Canada ranks second in the world in the proportion of research and development (R&D) funding invested in higher education institutions (particularly universities).2 The majority of this funding is from government sources, with a concentration from the federal granting agencies. Correspondingly, Canada’s 50-odd universities are highly rated for their contributions to scientific and technical knowledge. Canadian colleges are excellent institutions for training practical graduates and are increasingly interested in conducting applied research with companies. These institutions have outstanding technical capabilities that are of interest to innovating companies. Higher education institutions in Canada and around the world are structured for training graduates with timescales measured in years; they are places where the open exchange of ideas is encouraged, and success for researchers usually required creating new (potentially disruptive) knowledge. Many years typically elapse before some of this knowledge (in combination with other research results) is applied for the benefit of society.

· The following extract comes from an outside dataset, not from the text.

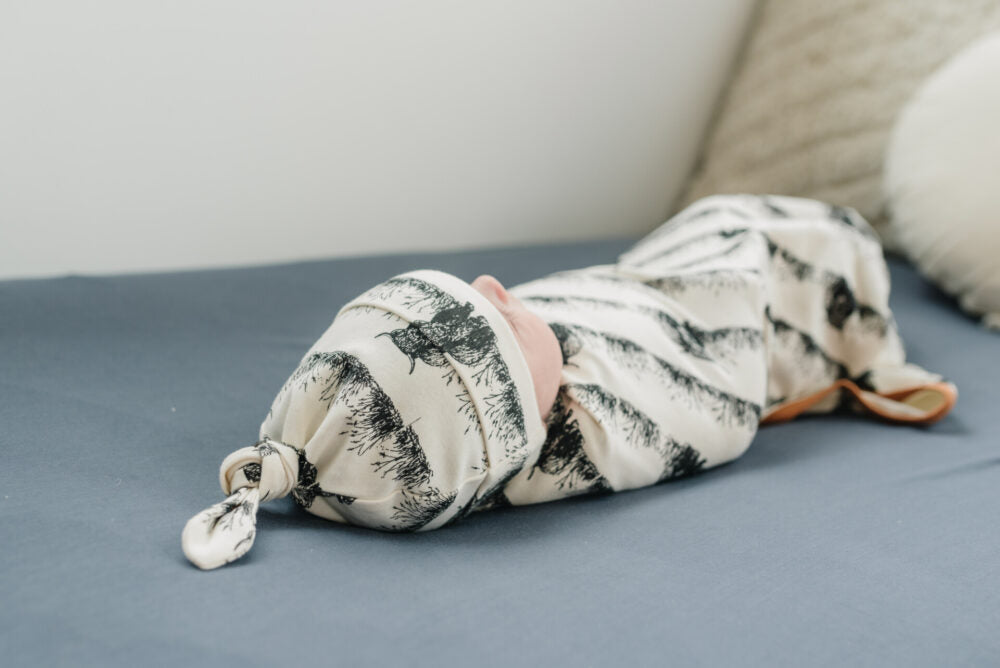 GOTS Certified Organic Cotton Hat - Highland Cow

The larger companies in Canada, which conduct the vast majority of private-sector R&D, capitalize on these public sector capabilities—Canada’s universities capture among the world’s highest percentage of private-sector R&D funding. These companies have the resources and patience to establish relationships with various academic research groups, negotiate collaborative agreements and, more importantly, define and fund long-term, pre-competitive research projects that capitalize on post-secondary strengths. There are perhaps 3,000 companies that currently conduct collaborative R&D with universities and 3,500 that work with Canada’s colleges and polytechnics.

The clear majority of the 20,000 companies in Canada that conduct R&D do not directly work with universities and colleges. Most of these companies are small (less than 50 people) and, on average, invest less than $250,000 per year in research and development. These companies generally conduct innovation projects that aim at incremental improvements to existing products or processes; are executed in weeks, and are exploited commercially (rather than published). A significant proportion of these companies conduct research episodically; meaning they are unlikely to have full-time R&D staff (i.e., approximately 50 percent conduct research for one or two years out of every seven years, and only 10 percent conducted R&D on a continuous basis3). The SME’s focus on market responsiveness is not aligned with the effort to build long-term research relationships; they don’t have money or expertise to negotiate project collaborations and can rarely afford long-term research. Returns on investments from innovation projects are typically expected within 12 to 18 months. The innovation needs of this type of company are not well addressed by university structures and approaches. Addressing the innovation needs of these SMEs represents a significant opportunity to improve the innovation performance of Canada—the technical capabilities and expertise that resides in our post-secondary institutions can be a valuable complement to the capabilities available in the marketplace for an SME.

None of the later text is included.